High Costs Squeeze New York City Homeowners
While the high cost of renting a New York City apartment is well-known, a new study found that many homeowners are straining under the weight of their own financial burdens.
The study by New York University's Furman Center said nearly half of New York City homeowners with mortgages are paying 30% or more of their income on housing, a far higher percentage than their counterparts elsewhere in the U.S. And a quarter of city homeowners pay more than half of their income on housing costs, more than double the share in the rest of the country.
The strain on local homeowners comes as city's residential real-estate market has soared. "The purchasing power of most New York City households is limited, largely due to growing housing prices and stagnating incomes since 1990," the report said.
Overall, the burden on homeowners is close to that on renters in New York City, for both market-rate and rent-regulated apartments.
The study, funded by the community-development arm of Citigroup Inc., also sheds light on the shortage of affordable homes for purchase at a time when Mayor Bill de Blasio's housing initiatives are more focused on building and preserving low-cost rental housing.
According to the study, increasing prices have made homes in many neighborhoods unaffordable to all but the wealthiest New Yorkers.
It found that only 42% of sales in New York City in 2014 were affordable to the low-to-middle-income households that make up 77% of New York households.
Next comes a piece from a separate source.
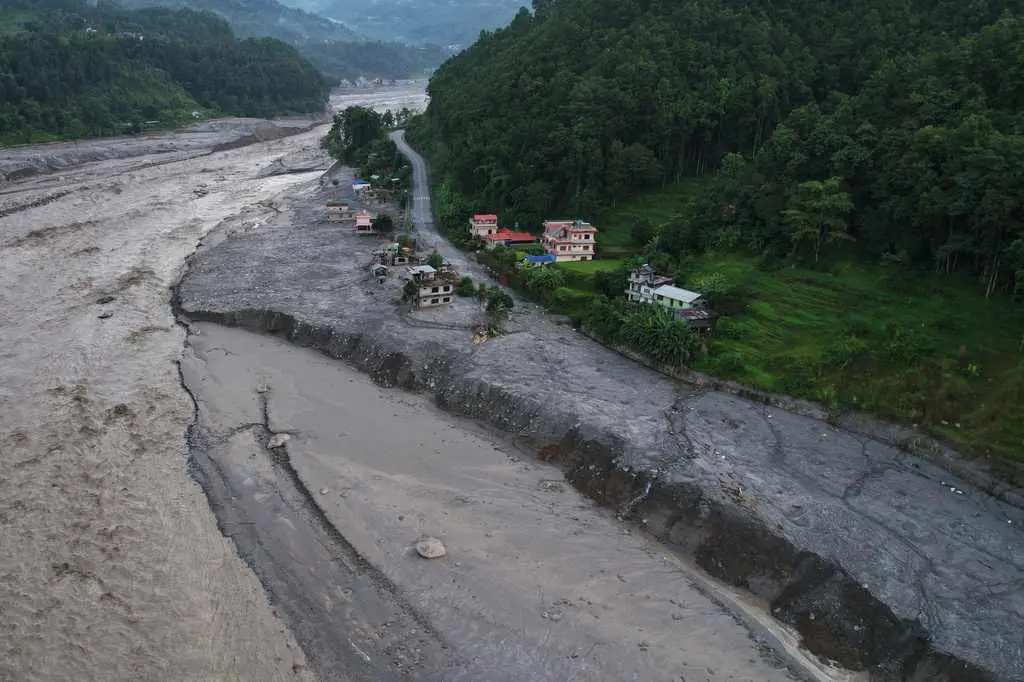 নেপালে আকস্মিক বন্যা/ ছবি: এপি-ইউএনবি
Those households earned up to $114,000 a year, the highest income level eligible for city-subsidized housing.
Mary Curry, a retired tax examiner for the Internal Revenue Service, knows what it is like to struggle with steep housing costs. The mortgage payments on her 16-foot-wide house in Queens's East Elmhurst area are swallowing most of the $2,270 she receives in monthly pension income.
Even after getting a loan modification to reduce her mortgage payments, she pays $1,700 a month toward her mortgage, she said. To cover the costs of food and utilities, she gets some financial help from her son, and in April she received a $37,000 city loan through the Parodneck Foundation to repair her house and replace a leaky roof.
"My household expenses really exceed my pension," Ms. Curry said.
Among the boroughs, Brooklyn had the most burdened homeowners, with 52% paying 30% or more of their income on housing. Manhattan, despite having the priciest housing market, had the lowest rate of homeowners paying that share of their income, at 24%.
Many co-ops, which make up two-thirds of owner-occupied housing in Manhattan, limit housing expenses to less than 28% of income, said Rachel Altschuler, a broker at Douglas Elliman.
An analysis of rent burden by the Citizens Budget Commission last year found that New York renters paid 42% of their income on rent, after excluding renters in public housing and those receiving Section 8 rent subsidies.
Overall, the Furman Center study found that 31% of New York City households owned their home. In the Bronx, 18% did, the second-lowest homeownership rate of any county in the U.S., after Kalawao County in Hawaii, which has 46 households, according to census data.
New York City built thousands of affordable homes for purchase over many years on land taken over by the city for nonpayment of taxes.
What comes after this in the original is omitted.